The material below contains a line with "Alfombra persa Persa" and a line with "Saint Florian, c.". Copy exactly those two lines and all lines between them.

Data to process:
= = =

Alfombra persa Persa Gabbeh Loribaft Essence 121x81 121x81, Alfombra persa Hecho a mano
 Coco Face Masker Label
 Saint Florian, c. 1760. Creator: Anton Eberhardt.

= = =

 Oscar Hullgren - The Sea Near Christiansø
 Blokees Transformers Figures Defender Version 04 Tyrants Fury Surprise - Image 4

= = =

Answer to this task:
Alfombra persa Persa Gabbeh Loribaft Essence 121x81 121x81, Alfombra persa Hecho a mano
 Coco Face Masker Label
 Saint Florian, c. 1760. Creator: Anton Eberhardt.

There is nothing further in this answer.